Pedro studied Economics at Buckingham University, England and has been a Trade Expert and Spanish State Economist since 2009. Most of his career has been linked with the Ministry of Economy in Spain, principally in economic policy, as well as financial matters and macroeconomics.

He has been based at REPER in Brussels for 5 years. Most of his work is focused on negotiating European regulations relating to the financial sector, in particular banking, insurance, payment services and digital finance.

"The job at REPER is possibly one of the most interesting that the General State Administration has to offer. One must have a good technical knowledge of the subject matter, but it is also essential to know the dynamics of the different institutions and how they work. The Council, the Parliament and the European Commission all have their own operating rules, in both formal procedures and informal practices"
Pedro Guerrero Meseguer
Economic and Financial Consellor at REPER

REPER is a key organisation that protects Spain’s interests within the European Union framework. To paint a clearer picture for our readers, can you briefly describe its internal organisation and the functions that are attributed to it?
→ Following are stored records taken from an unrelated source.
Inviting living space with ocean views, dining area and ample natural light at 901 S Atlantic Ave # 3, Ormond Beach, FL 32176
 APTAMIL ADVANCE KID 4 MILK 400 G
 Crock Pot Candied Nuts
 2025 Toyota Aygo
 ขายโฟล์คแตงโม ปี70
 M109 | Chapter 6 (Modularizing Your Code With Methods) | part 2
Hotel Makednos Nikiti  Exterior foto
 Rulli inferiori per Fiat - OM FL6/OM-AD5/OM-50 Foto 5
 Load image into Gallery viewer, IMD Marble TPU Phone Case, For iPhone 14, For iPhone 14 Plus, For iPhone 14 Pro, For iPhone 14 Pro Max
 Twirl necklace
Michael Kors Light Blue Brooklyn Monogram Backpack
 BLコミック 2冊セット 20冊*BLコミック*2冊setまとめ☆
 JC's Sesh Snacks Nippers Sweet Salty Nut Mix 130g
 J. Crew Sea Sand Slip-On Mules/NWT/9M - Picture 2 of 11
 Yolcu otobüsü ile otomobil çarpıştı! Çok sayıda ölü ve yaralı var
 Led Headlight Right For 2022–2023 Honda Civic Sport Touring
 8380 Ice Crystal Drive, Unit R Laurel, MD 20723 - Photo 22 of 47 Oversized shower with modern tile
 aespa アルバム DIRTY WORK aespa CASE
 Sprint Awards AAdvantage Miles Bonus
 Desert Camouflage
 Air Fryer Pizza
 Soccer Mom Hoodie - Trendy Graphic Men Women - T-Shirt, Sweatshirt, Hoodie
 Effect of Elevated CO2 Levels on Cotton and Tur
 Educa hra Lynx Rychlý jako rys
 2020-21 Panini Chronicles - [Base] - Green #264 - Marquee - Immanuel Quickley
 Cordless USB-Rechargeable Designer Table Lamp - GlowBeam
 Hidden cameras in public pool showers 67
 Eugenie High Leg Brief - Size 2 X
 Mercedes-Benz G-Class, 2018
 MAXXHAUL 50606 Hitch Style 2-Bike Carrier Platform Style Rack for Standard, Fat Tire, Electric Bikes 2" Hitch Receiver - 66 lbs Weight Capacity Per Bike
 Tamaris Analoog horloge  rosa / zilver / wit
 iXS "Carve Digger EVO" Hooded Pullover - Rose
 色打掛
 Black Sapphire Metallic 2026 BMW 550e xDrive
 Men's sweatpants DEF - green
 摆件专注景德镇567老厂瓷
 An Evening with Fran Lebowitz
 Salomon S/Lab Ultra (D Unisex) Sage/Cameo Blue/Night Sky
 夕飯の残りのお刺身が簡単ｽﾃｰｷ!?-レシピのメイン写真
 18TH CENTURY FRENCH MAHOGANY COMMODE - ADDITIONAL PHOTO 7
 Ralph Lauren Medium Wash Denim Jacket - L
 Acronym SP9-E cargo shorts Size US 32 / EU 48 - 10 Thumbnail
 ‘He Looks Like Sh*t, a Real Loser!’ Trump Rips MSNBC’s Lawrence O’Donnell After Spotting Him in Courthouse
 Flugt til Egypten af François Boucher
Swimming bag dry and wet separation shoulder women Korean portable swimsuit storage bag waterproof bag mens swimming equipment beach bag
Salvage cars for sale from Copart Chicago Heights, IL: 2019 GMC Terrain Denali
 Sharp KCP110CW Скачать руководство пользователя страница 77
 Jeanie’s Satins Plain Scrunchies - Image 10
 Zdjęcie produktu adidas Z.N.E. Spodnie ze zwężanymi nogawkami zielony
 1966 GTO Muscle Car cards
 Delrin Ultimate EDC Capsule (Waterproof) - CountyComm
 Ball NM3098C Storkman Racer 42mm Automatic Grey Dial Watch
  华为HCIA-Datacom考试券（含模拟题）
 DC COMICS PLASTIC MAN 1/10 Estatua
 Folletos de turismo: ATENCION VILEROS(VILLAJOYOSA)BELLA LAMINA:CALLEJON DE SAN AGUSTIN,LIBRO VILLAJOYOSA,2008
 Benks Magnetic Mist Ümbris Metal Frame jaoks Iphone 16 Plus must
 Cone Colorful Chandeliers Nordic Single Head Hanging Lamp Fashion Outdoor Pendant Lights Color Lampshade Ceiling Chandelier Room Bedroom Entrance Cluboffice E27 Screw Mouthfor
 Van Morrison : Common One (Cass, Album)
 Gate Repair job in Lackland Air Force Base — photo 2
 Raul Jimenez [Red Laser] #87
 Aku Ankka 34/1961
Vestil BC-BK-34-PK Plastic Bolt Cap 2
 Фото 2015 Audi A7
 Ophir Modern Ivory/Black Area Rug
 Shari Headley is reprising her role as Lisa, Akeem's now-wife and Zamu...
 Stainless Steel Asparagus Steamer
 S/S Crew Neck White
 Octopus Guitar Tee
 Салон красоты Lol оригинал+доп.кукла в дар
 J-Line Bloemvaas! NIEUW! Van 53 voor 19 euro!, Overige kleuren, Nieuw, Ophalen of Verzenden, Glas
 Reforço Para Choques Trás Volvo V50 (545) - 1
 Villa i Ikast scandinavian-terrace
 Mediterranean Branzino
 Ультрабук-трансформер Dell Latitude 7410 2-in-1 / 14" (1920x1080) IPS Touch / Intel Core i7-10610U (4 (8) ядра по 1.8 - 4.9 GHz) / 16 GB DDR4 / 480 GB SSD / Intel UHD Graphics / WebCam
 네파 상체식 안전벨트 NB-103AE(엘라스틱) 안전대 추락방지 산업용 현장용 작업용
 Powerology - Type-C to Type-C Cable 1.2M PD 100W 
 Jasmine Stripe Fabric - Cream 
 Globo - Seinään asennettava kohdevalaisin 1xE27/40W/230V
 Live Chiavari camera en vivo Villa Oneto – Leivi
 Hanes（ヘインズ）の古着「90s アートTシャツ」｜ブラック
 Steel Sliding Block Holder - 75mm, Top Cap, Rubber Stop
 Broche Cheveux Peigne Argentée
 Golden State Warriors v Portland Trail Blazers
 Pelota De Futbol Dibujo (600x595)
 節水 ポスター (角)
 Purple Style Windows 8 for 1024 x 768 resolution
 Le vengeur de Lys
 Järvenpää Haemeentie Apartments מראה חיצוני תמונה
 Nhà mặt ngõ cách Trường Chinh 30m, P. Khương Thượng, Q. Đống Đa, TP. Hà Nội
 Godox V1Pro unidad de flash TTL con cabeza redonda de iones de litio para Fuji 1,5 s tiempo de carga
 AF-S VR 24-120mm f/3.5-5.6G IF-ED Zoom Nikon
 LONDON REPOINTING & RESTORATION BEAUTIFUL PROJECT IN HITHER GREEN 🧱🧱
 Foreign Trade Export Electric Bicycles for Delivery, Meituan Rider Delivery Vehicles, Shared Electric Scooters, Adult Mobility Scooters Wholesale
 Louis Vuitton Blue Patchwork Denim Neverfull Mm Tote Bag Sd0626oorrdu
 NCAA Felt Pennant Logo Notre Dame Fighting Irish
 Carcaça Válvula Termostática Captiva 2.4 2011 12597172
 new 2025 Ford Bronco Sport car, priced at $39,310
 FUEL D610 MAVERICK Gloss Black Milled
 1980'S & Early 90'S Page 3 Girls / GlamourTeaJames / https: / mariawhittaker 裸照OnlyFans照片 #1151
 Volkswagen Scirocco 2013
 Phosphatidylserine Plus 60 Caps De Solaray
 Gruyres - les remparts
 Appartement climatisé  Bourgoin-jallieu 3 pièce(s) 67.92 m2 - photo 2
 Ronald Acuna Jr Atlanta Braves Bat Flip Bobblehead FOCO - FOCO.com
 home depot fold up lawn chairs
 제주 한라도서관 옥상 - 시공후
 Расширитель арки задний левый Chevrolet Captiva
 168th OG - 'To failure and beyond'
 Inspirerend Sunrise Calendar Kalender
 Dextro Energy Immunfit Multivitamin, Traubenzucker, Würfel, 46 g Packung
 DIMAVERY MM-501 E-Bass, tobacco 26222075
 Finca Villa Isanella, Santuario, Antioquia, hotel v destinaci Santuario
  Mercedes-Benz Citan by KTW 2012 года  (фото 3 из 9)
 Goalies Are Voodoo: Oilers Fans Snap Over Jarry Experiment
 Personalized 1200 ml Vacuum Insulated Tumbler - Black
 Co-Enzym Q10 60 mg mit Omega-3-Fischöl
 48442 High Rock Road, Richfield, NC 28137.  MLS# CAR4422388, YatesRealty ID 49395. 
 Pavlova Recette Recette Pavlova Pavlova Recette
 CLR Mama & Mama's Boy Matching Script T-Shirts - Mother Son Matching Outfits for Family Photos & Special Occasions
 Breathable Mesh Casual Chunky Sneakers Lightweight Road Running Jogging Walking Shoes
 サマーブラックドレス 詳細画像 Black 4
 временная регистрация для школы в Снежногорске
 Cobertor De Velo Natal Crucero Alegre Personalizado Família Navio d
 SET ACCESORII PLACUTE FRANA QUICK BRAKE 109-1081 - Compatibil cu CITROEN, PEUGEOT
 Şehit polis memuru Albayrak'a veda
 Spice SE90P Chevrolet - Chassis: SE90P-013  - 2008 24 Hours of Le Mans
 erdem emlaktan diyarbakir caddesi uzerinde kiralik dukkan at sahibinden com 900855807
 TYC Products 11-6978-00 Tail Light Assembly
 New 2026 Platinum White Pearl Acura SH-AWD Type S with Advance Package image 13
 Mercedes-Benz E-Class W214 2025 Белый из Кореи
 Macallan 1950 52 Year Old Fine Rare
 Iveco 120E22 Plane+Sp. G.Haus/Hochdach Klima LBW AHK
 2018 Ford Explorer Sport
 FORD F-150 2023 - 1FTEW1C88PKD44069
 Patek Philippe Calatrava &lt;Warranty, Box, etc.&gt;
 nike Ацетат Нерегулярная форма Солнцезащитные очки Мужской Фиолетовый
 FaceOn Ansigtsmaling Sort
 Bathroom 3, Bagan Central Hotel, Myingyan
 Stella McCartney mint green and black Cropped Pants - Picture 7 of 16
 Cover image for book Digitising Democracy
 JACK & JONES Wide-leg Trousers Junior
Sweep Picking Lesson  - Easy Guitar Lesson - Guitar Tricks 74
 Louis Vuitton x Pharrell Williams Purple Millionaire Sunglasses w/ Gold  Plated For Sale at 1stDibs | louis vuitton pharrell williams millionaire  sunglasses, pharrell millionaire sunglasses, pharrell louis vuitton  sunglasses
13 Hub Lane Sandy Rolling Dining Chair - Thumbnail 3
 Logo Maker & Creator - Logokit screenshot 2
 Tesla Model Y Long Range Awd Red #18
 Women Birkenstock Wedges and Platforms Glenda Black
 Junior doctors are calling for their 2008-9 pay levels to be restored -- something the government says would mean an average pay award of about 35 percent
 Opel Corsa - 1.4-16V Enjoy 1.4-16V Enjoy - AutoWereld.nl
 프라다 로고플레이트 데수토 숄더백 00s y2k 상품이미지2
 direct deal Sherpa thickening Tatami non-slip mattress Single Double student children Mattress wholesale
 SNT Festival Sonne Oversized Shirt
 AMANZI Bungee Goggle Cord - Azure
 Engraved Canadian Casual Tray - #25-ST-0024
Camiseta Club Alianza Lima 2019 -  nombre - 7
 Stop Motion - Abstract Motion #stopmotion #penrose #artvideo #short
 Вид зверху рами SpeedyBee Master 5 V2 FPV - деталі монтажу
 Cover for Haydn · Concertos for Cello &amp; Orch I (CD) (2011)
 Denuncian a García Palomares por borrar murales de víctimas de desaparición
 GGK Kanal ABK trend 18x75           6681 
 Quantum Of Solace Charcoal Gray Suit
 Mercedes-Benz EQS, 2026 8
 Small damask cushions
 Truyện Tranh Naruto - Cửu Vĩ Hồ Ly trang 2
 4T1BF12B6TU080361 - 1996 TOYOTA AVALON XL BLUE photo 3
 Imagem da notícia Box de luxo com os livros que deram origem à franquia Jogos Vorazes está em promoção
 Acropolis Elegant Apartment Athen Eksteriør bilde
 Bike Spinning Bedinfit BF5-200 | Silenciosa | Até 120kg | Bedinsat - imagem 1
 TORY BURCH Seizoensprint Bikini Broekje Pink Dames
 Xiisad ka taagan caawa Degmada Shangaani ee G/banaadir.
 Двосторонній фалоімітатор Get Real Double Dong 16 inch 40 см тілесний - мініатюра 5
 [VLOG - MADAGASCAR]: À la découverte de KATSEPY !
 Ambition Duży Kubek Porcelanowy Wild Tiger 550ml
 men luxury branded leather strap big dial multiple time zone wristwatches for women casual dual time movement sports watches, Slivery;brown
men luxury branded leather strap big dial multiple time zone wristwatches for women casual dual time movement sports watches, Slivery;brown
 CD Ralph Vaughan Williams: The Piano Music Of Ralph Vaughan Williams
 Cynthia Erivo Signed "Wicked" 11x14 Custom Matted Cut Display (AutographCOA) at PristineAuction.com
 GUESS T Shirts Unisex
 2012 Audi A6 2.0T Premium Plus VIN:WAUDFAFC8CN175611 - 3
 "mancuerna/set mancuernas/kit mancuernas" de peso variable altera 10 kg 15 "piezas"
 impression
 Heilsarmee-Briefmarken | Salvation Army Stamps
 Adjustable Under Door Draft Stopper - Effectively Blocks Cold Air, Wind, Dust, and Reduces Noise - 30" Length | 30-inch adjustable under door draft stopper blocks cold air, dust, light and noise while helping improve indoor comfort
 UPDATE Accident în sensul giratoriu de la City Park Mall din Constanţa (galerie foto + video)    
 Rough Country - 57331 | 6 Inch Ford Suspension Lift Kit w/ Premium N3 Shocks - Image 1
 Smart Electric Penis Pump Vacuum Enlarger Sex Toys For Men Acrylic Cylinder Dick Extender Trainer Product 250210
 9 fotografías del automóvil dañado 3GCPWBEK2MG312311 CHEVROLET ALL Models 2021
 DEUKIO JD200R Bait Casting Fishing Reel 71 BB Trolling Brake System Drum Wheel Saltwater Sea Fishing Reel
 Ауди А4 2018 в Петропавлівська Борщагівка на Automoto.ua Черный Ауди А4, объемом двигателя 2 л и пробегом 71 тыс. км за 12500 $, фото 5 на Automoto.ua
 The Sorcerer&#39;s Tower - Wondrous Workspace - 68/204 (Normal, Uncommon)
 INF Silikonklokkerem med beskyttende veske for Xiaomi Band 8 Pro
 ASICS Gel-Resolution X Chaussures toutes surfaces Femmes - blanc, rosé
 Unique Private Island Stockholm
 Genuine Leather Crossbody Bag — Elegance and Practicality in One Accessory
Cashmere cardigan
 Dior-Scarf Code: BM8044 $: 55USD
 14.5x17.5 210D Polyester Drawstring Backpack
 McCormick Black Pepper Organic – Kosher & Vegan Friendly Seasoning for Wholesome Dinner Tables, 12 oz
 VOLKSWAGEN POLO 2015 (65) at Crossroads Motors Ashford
REPER is akin to the ‘Spanish Embassy’ to the European Union. The only nuance is that the term “Permanent Representation” is used when the representation is from an international organisation rather than a country. REPER is headed by the Ambassador Permanent Representative, Marcos Alonso, and is staffed by officials from various ministries.

REPER protects Spanish interests within European institutions and carries out its Government’s instructions in this regard. Daily activity is focused on the Council of the European Union which, via 10 different groups, brings together the ministers of each Member State. For example, in economic and financial matters, the ECOFIN Council, where Economy and Finance ministers meet monthly, is the competent body. To prepare ECOFIN matters, there are multiple working groups at various levels, with ambassadors and advisors representing their ministries.

But REPER’s work must have a holistic approach and Spanish interests in the other institutions, especially in the Commission and the European Parliament, should also be clarified. The Commission presents proposals for laws and other actions of European scope, but it is the Council and the Parliament, as co-legislators, which decide the final outcome. Hence the well-known saying the Commission proposes and the Council (and the Parliament) disposes“.

“REPER protects Spanish interests within European institutions and carries out its Government’s instructions in this regard.”

In the second half of this year, Spain will take over the Presidency of the Council of the European Union. What are the current priorities on the European economic/financial agenda?

The Spanish presidency will undoubtedly be marked by the international economic scenario, the invasion of Ukraine and trade tensions between major powers. And all this in the context of high inflation and interest rate increases by several central banks. It will also be a closing presidency, given that in June next year the current legislative cycle will end, and a new Parliament and a new Commission will be elected. Therefore, we will have to finalise a significant number of ongoing negotiations, as well as new proposals yet to be published by the Commission. All these factors make it a challenge, but also a great opportunity to give our all and do our bit in the development of the European project.

Regarding Spain’s priorities in the economic and financial area, I understand that this is an important issue and one that arouses interest in the media but, in accordance with protocol, they will be presented in due time by Vice-President Calviño. Generically, the priority will be to create new economic governance to promote strategic autonomy as well as green transition and digital transformation.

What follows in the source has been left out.